Coming to English This Summer: Fadi Zaghmout’s Controversial, Feminist ‘Bride of Amman’

This summer, Fadi Zaghmout’s debut novel, The Bride of Amman, will be released in English, trans. Ruth Ahmedzai Kemp:

11029769_10155260721350529_385597668_oWhen blogger Nadia Muhanna wrote about the book back in 2012, nine months after its release, she gave a sense of Zaghmout’s social project, as well as why the blog-turned-novel had stirred controversy:

In an interview on Roya Jordanian TV channel with writer and blogger Fadi Zaghmout, the presenter referred to a gay character in Zaghmout’s novel ’Arous Amman as shaz (an offensive term to describe gays, similar to faggot). „Muthley,” Zaghmout corrected her using a politically correct word for “homosexual”. By the end of the interview, the presenter was using „LGBT-friendly language”.

But it wasn’t only The Bride of Amman’s content that made it controversial. Again, Muhanna:

Zaghmout divided his novel into short, blog like sections written in a simple language often using colloquial words which made it easy to read and accessible for a wider audience.

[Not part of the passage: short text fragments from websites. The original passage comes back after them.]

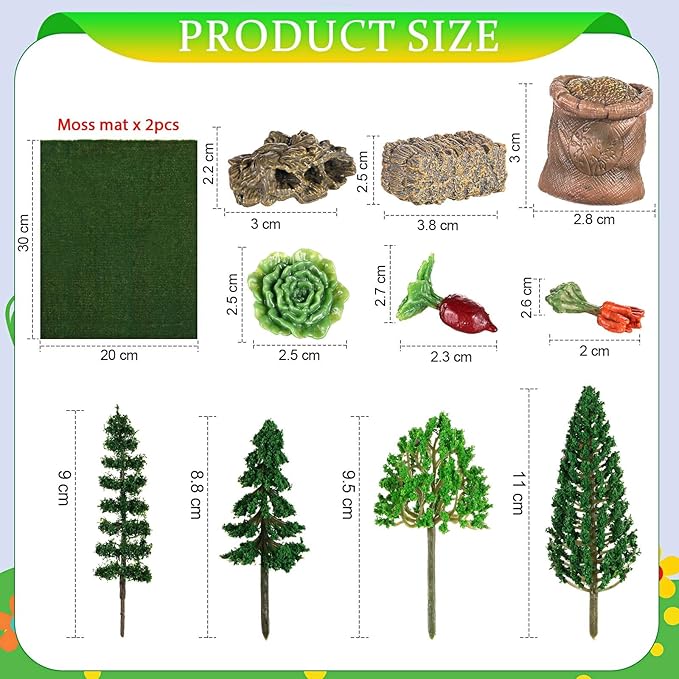 27 Pcs Farm Toys Set, 3 Little Farmer Figurines 9 Plastic Animals Figurines 10 Feed Food Fence Playset 4 Model Trees 1 Moss Mat Animal Farm Toys for Educational School Project Gift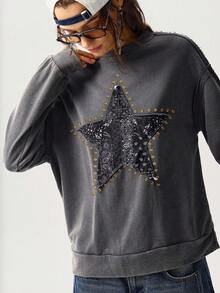 Bohemela Sudadera holgada de punto de cuello redondo de unicolor casual para mujer, ropa de otoño e invierno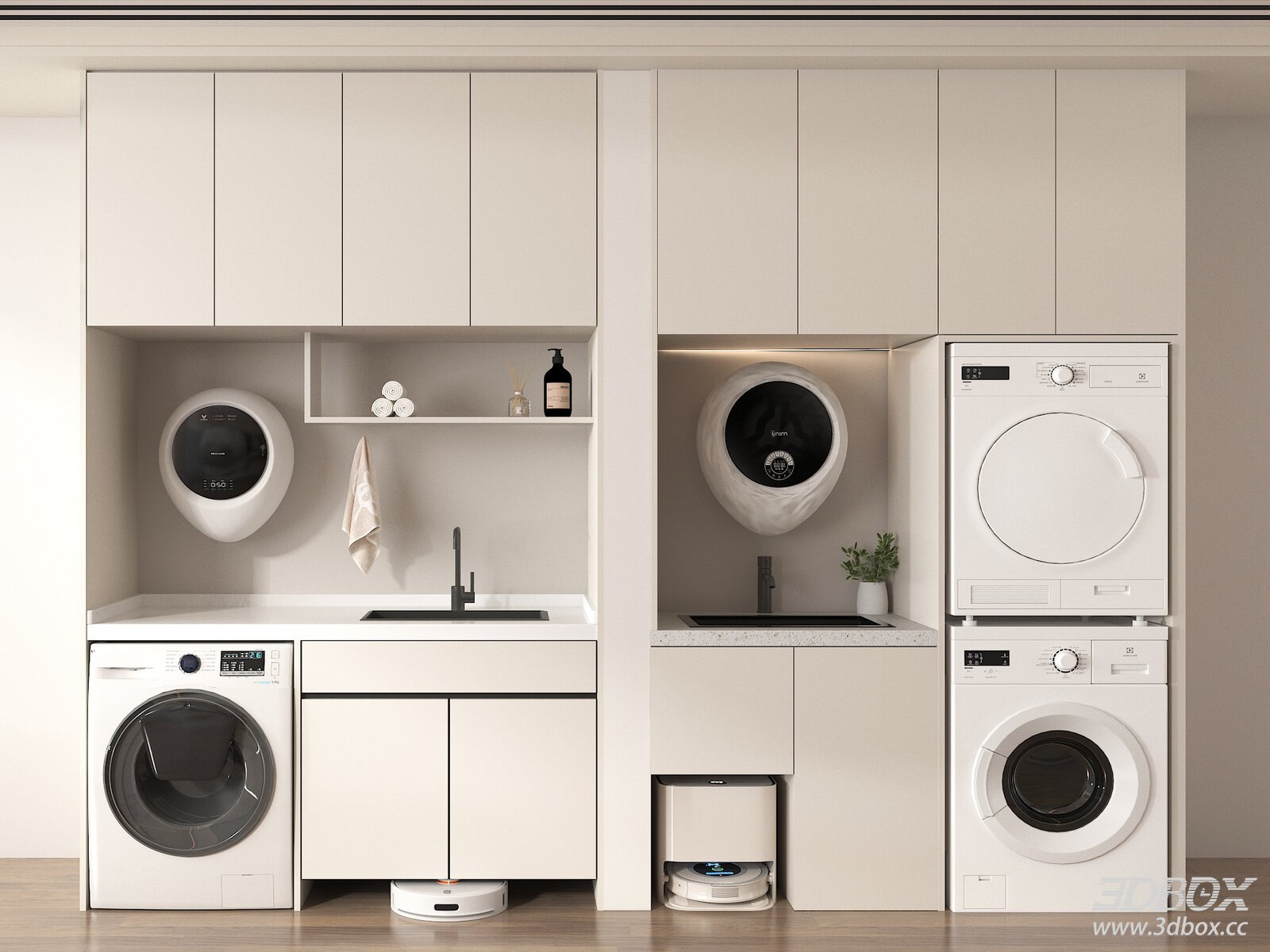 Modern Cream Style Laundry Cabinet with Washing Machines and Dryers 3D model - front view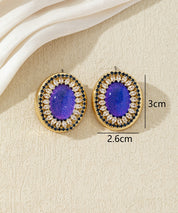 Boucles d’oreilles ovales ornées de strass - 27AHBOL037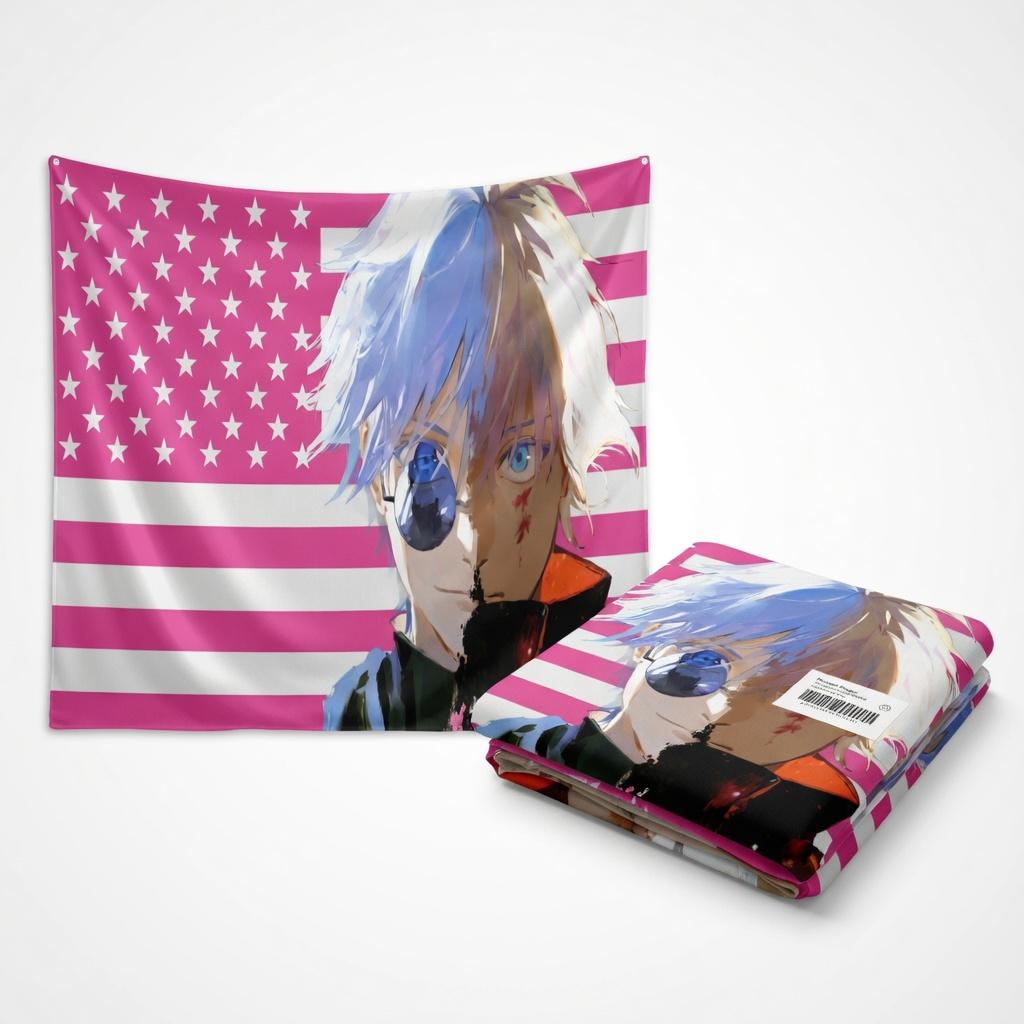 Japanese Anime Style Cool Guy Tapestry Flat Print Pink Star Stripe Flag Wall Art For Living Room Bedroom Dormitory Decor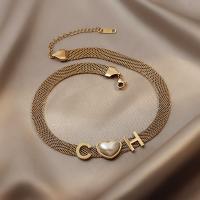 Ожерелье Мода Choker, титан, с Пластиковая жемчужина, с 5cm наполнитель цепи, Алфавитное письмо, плакирован золотом, разные стили для выбора & Женский, Золотой длина:Приблизительно 43 см, продается PC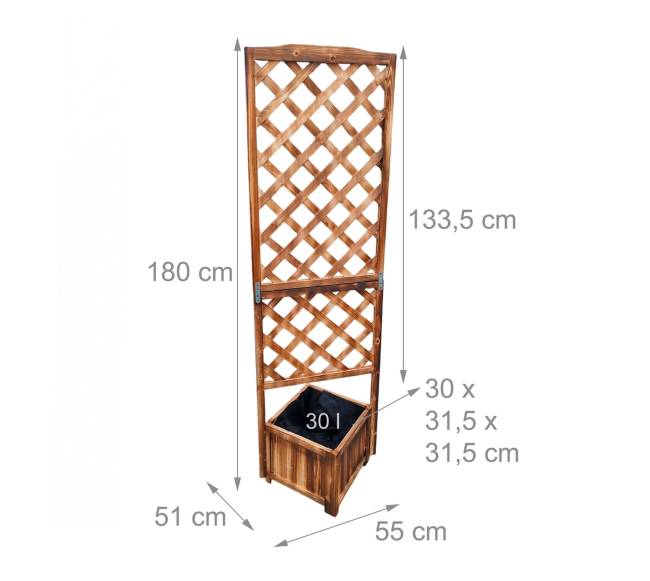 Gėlių dėžė su grotelėmis 180 cm3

While the style he adopted definitely helps in spreading his advocacy message, it triggered heated debates among the more traditional Jordanian intellectuals who call for elitist literature written in pure fusha (literary Arabic language).

While the fuss over fos7a vs. 3ameya disappears in English, the “shocking” content remains. Muhanna suggested, in her review, that “Arous Amman is definitely a good choice if you are a foreigner interested in better understanding the psychology behind women and LGBT rights violations in the Arab world.”

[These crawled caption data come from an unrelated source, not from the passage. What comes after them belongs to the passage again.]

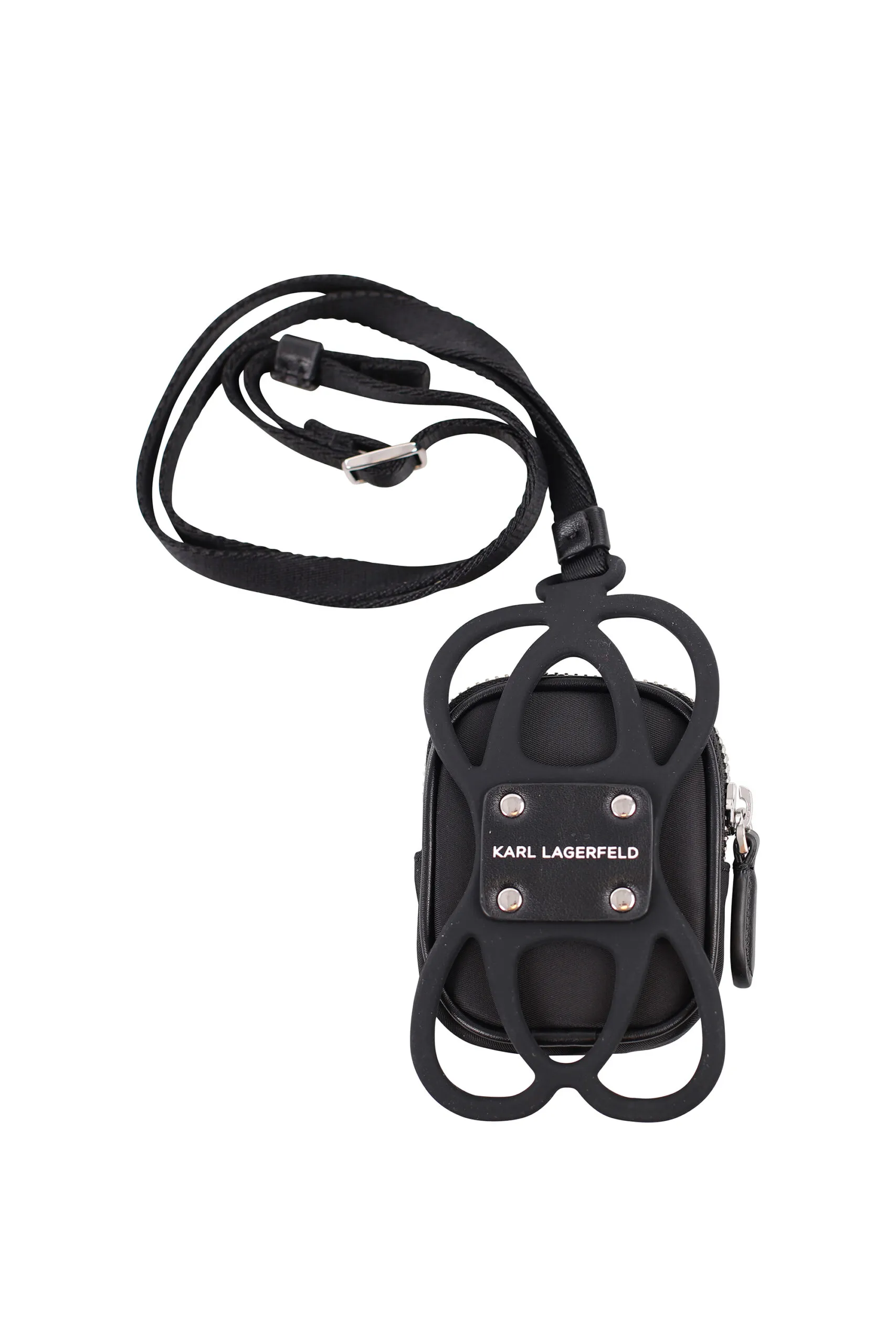 Funda negra y soporte para teléfono móvil y airpods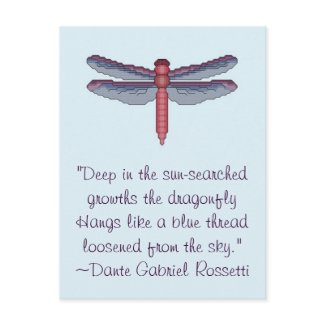 Dante Gabriel Rossetti Dragonfly Quote Postcard postcard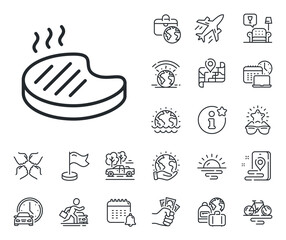 Barbecue meat food sign. Plane jet, travel map and baggage claim outline icons. Grilled steak line icon. Hot grill salmon symbol. Grilled steak line sign. Car rental, taxi transport icon. Vector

Perhaps. It’s also interesting in the context of Arabic blog-to-book literature, Arabic advocacy literature, and the different forms — beyond those sanctioned by cultural gatekeepers — that contemporary Arabic literature is taking.

Yesterday, Zaghmout posted a few excerpts from the forthcoming translation. The first is from the point of view of Ali:

I’ve never been truly convinced. The feeling of guilt has clung to me since childhood, since I first realized that my attraction towards men was sexual. I spent my teenage years in self-denial. I used to force myself to picture a woman in my mind whenever I needed to discharge my sexual energy in masturbation. I would reach down and clutch my dick, close my eyes and imagine myself in the presence of a woman’s body. My desire would collapse. I wouldn’t feel anything, but would keep on rubbing. The image in my mind would switch from one woman to another, and another, and then when it finally settled on the image of a man, my desire would be restored, until he made me fall back in rapture and remorse.

The second is Salma:

I’m dreading the day of the wedding, when the guests are going to gaze at me with that pitying look which translates as the one phrase I absolutely cannot stand. “O’balek. I wish the same for you.” I feel like pasting a set response on my forehead for every time someone reassures me it’s my turn next: “Yeah, fuck you.”

Zaghmout’s second novel plays with genre and conventions in a different way. Called Heaven on Earth, it’s a sci-fi novel where, in the future, the aging process is controlled and people needn’t die of old age.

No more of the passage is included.